**Aim of the exercise**
Return the entries below word for word. No picture belongs in the copy.

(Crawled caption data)
━━━

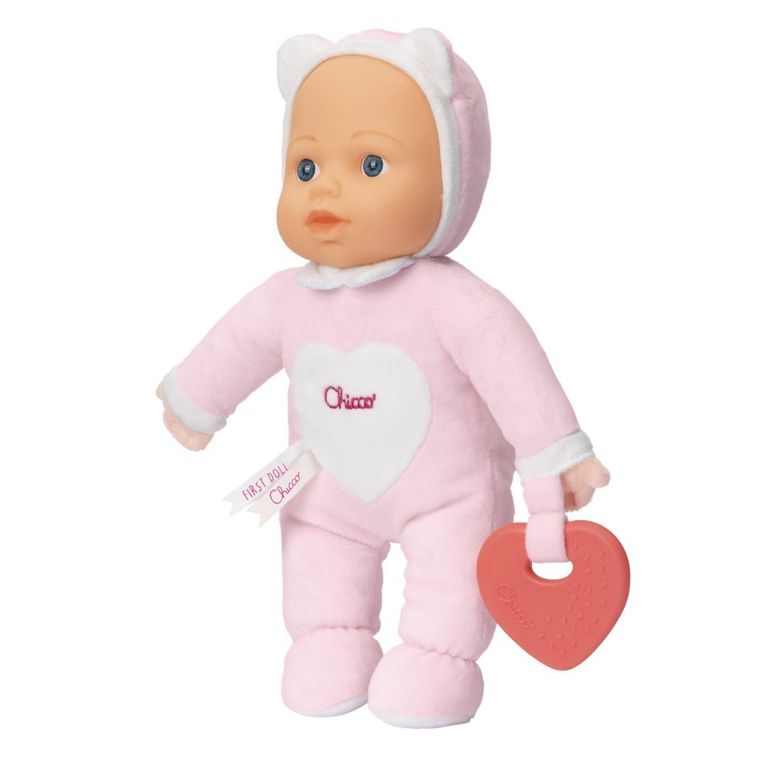 Chicco, Dolls, Moja Pierwsza Lalka, lalka bobas, różowa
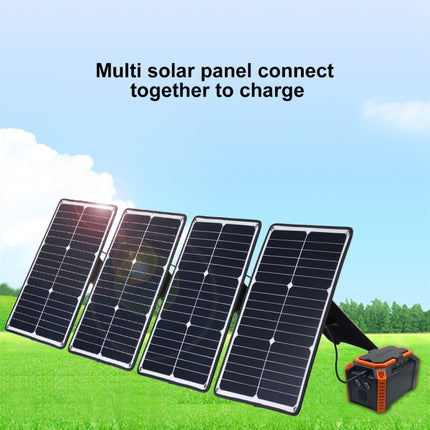 HAWEEL 4 PCS 20W Monocrystalline Silicon Solar Power Panel Charger, with USB Port & Holder & Tiger Clip, Support QC3.0 and AFC(Black)-garmade.com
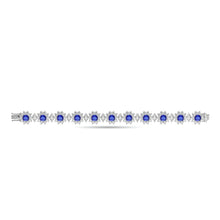 Fancy Flower Sapphire and Diamond Bracelet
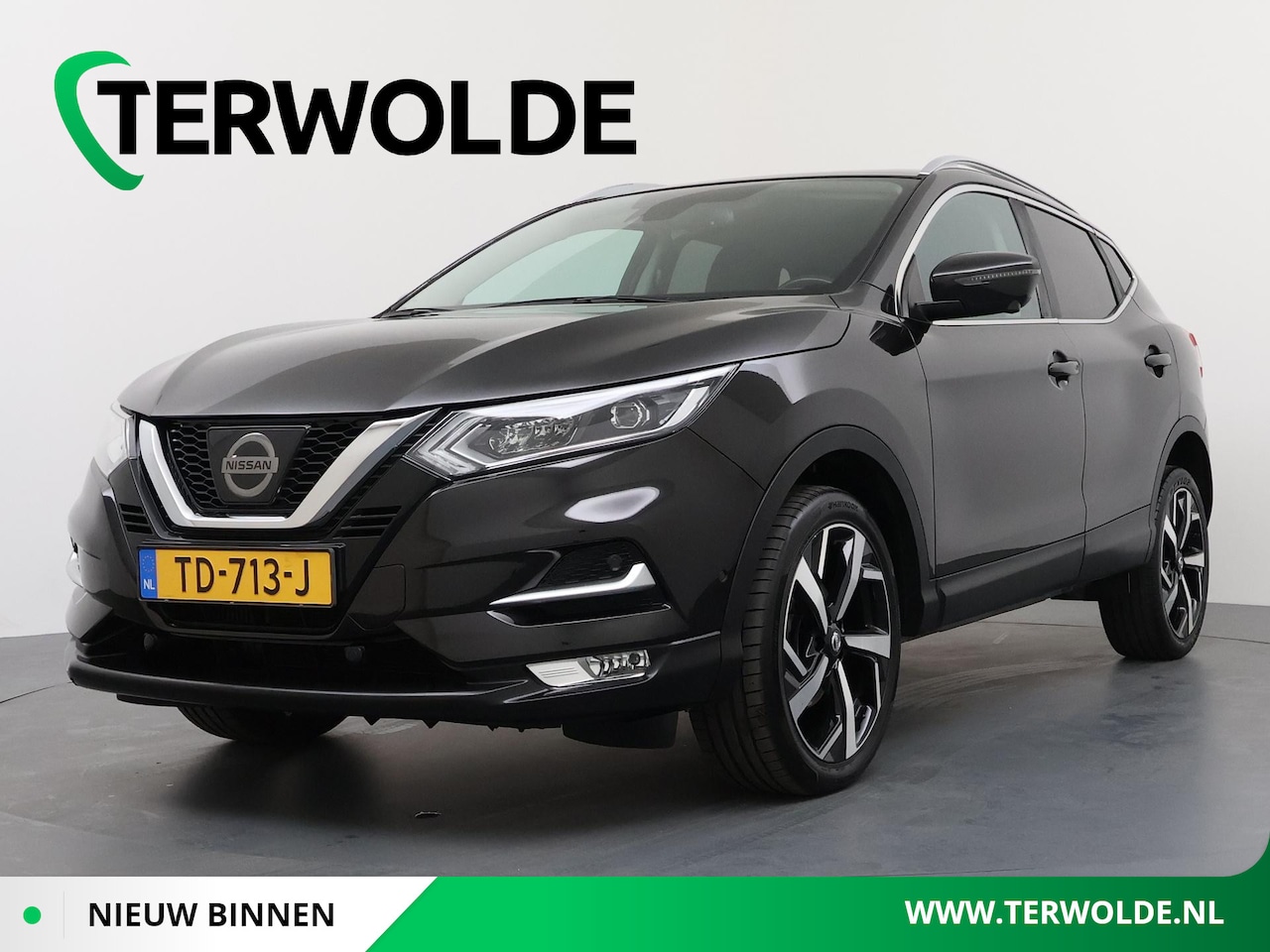 Nissan Qashqai - 1.2 Tekna | Panoramadak | Half Leder | Stoelverw. | - AutoWereld.nl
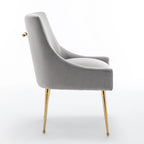 Modern Glam Velvet Upholstered Armless Dining Side Chair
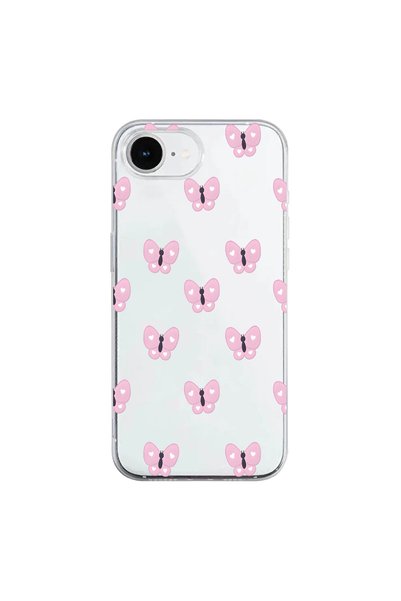 PPKin iPhone 17E Compatible Butterfly 2 Design Transparent Case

━━━

**Task answer**
 Chicco, Dolls, Moja Pierwsza Lalka, lalka bobas, różowa
 HAWEEL 4 PCS 20W Monocrystalline Silicon Solar Power Panel Charger, with USB Port & Holder & Tiger Clip, Support QC3.0 and AFC(Black)-garmade.com
 Fancy Flower Sapphire and Diamond Bracelet
 Nissan Qashqai - 1.2 Tekna | Panoramadak | Half Leder | Stoelverw. | - AutoWereld.nl
 Modern Glam Velvet Upholstered Armless Dining Side Chair
 PPKin iPhone 17E Compatible Butterfly 2 Design Transparent Case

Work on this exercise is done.